WHAT YOU NEED TO DO:
Repeat precisely the span of lines below that opens with the line containing "Korrespondenz des Fürsten" and closes with the line containing "Benutzerdefinierte Golfbälle mit", both included.

Crawled caption data:
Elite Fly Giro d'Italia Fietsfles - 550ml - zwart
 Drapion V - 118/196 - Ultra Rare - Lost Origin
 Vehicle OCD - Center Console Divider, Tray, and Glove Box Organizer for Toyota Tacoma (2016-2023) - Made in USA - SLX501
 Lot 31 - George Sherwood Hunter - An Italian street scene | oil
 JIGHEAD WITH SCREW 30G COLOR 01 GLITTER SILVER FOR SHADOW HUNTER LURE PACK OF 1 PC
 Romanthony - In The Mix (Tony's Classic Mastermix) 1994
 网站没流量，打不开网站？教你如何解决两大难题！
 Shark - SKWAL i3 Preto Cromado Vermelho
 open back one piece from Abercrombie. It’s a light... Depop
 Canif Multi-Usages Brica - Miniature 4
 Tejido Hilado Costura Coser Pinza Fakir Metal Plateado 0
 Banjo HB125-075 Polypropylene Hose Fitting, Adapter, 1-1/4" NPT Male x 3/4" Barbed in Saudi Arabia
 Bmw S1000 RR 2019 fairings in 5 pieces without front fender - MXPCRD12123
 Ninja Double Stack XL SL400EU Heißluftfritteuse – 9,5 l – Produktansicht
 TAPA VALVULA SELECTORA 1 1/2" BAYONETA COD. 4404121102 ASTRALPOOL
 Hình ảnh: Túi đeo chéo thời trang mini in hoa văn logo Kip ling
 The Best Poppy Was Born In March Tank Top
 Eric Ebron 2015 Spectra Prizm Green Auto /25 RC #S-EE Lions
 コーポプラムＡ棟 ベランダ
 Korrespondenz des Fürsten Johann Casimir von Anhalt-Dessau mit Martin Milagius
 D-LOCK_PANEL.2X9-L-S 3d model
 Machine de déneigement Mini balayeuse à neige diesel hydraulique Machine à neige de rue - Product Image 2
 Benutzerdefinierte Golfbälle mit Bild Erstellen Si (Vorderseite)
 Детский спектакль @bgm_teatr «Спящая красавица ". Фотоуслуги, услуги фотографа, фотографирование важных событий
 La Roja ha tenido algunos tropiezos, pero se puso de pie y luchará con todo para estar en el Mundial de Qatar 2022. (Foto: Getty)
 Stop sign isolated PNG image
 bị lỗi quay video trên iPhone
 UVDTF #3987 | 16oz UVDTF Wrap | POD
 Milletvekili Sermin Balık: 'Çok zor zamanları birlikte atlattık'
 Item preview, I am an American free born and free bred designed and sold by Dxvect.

RESPONSE TO THE TASK:
 Korrespondenz des Fürsten Johann Casimir von Anhalt-Dessau mit Martin Milagius
 D-LOCK_PANEL.2X9-L-S 3d model
 Machine de déneigement Mini balayeuse à neige diesel hydraulique Machine à neige de rue - Product Image 2
 Benutzerdefinierte Golfbälle mit Bild Erstellen Si (Vorderseite)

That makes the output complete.